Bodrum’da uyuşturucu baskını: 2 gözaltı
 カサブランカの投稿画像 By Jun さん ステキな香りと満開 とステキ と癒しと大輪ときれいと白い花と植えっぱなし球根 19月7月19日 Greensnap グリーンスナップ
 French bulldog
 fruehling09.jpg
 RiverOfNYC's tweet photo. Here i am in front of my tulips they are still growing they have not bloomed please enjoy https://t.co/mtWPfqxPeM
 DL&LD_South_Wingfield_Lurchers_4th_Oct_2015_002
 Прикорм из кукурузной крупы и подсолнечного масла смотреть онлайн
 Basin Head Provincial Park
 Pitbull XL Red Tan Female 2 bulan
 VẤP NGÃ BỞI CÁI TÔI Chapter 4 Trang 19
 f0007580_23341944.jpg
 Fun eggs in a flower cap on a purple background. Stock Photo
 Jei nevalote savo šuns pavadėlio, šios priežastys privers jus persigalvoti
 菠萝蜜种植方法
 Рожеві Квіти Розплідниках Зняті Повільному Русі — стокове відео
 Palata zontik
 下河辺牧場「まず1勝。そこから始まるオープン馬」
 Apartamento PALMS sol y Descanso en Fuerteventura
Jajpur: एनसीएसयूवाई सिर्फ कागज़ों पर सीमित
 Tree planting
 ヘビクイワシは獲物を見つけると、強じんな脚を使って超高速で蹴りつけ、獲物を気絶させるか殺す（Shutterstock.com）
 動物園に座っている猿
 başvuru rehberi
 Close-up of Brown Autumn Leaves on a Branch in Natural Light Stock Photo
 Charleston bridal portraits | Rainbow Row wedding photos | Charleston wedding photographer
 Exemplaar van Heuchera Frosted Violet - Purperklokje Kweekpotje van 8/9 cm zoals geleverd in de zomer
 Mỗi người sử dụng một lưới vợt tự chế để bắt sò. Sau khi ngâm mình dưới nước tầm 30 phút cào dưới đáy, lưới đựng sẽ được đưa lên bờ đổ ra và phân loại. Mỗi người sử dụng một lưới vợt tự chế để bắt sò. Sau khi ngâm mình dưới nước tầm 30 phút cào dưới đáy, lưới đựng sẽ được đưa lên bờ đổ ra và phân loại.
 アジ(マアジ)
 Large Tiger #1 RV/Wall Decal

Task brief: Scan the listing above for the line that has "Basin Head Provincial Park", then copy exactly from that line through the line that has "Jajpur: एनसीएसयूवाई सिर्फ कागज़ों पर सीमित".

Problem solution:
 Basin Head Provincial Park
 Pitbull XL Red Tan Female 2 bulan
 VẤP NGÃ BỞI CÁI TÔI Chapter 4 Trang 19
 f0007580_23341944.jpg
 Fun eggs in a flower cap on a purple background. Stock Photo
 Jei nevalote savo šuns pavadėlio, šios priežastys privers jus persigalvoti
 菠萝蜜种植方法
 Рожеві Квіти Розплідниках Зняті Повільному Русі — стокове відео
 Palata zontik
 下河辺牧場「まず1勝。そこから始まるオープン馬」
 Apartamento PALMS sol y Descanso en Fuerteventura
Jajpur: एनसीएसयूवाई सिर्फ कागज़ों पर सीमित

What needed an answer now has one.